Bombas "boas" e bombas "ruins"

NEWTON CARLOS
ESPECIAL PARA A FOLHA

Há bombas "ruins", como as que o Irã pretende ter, segundo a inteligência ocidental, e bombas "boas", como as da Índia, legitimadas na prática pelo acordo que o presidente George W. Bush assinou com os indianos. Foi o que disse alguém com ironia em Washington.
Categorias que tiveram maior visibilidade com a reunião, em Nova York, de diplomatas e especialistas de 182 países para ver como andava o Tratado de Não-Proliferação Nuclear (TNP). Data de 1968 e nasceu com a missão de tornar-se o principal instrumento de contenção do que a ONU considera a maior ameaça à humanidade, a vulgarização das armas de destruição em massa.

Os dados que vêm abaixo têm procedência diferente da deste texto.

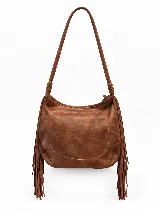 Cartera de cuero marrón con diseño tipo hobo, flecos largos en los laterales y costuras pespunteadas. Cuenta con una correa larga para llevar al hombro y detalles de tiras enrolladas en las uniones.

Os EUA caem em cima dos alvos de sempre, Irã, Coréia do Norte etc. É o terreno das bombas "ruins". Mas o tratado não contém somente cláusulas de bloqueio do acesso de novos países ao "seleto" clube nuclear. Com suas assinaturas as potências fundadoras se comprometeram a reduzir seus arsenais de modo gradativo, até a eliminação total.

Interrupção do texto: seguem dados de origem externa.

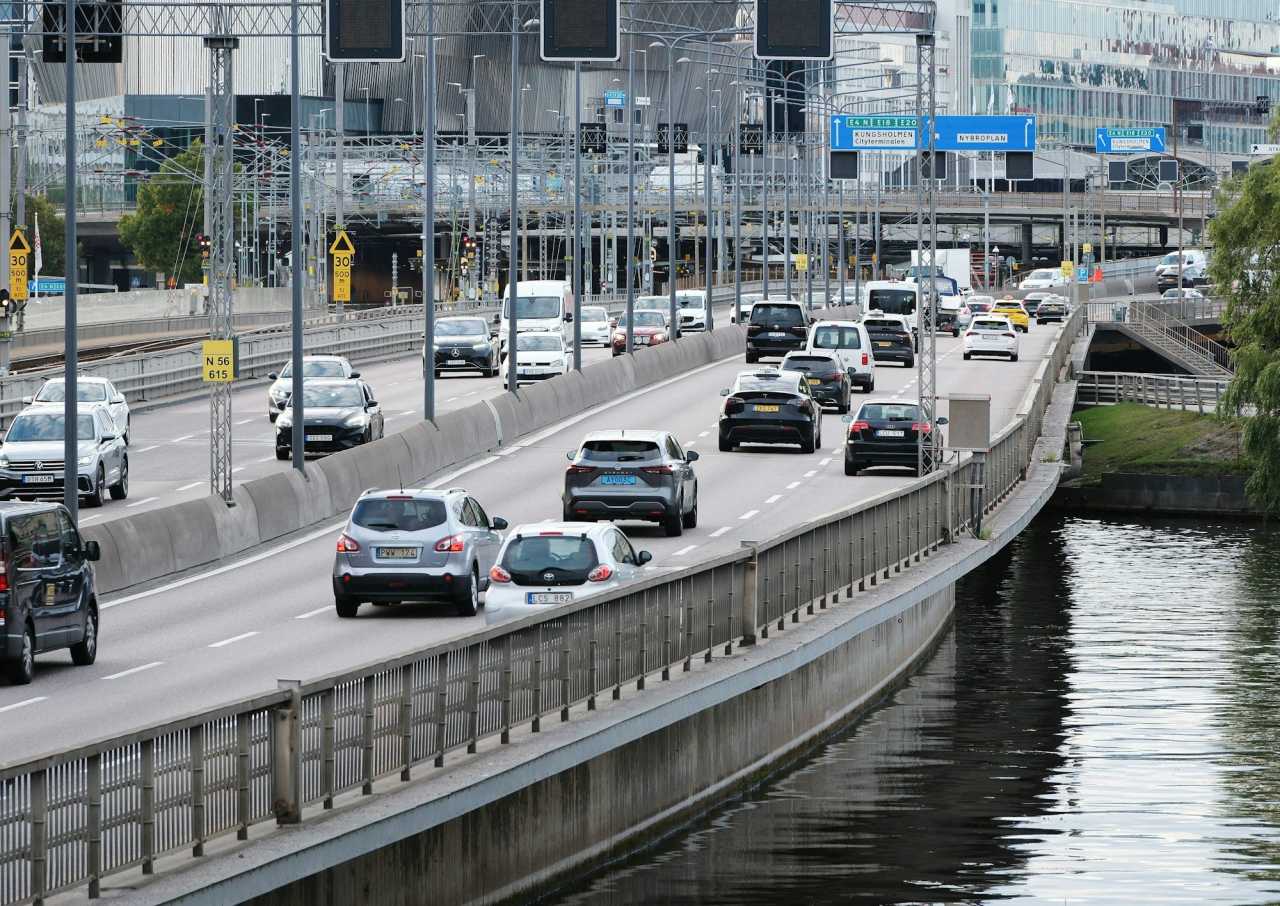 I morgon höjs biltullarna i Stockholm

Nada disso se cumpre. As portas do clube são violadas, com os "bons" gozando de tolerância. Não importam as leis, importa o comportamento, observou um colunista americano. As bombas pretendidas pelo Irã entram na categoria de "ruins", intoleráveis, porque os aiatolás iranianos são "desestabilizadores".
A Índia, pelo contrário, e também Israel e outros detentores ou possíveis detentores de bombas "boas", toleradas, cumprem rituais de "estabilização" com uma arquitetura desenhada sobretudo pelos EUA. Mas o perigo maior é outro, alertou um ex-secretário de Defesa dos EUA, Robert McNamara, em artigo de capa na "Foreign Policy" intitulado "Apocalypse Soon". Ou o Apocalipse que nos ronda. McNamara chama a política armamentista americana de "imoral, ilegal, militarmente desnecessária e perigosa". O arsenal nuclear (4.500 ogivas ofensivas) é mantido como o componente principal do poder militar americano.
O ilegal é o não respeito à cláusula de redução do TNP. O imoral se supõe que seja o poder conferido a uma pessoa, o presidente dos EUA, para ordenar disparos atômicos. Mas eles podem também acontecer por acidentes e esse é um dos riscos maiores, segundo McNamara.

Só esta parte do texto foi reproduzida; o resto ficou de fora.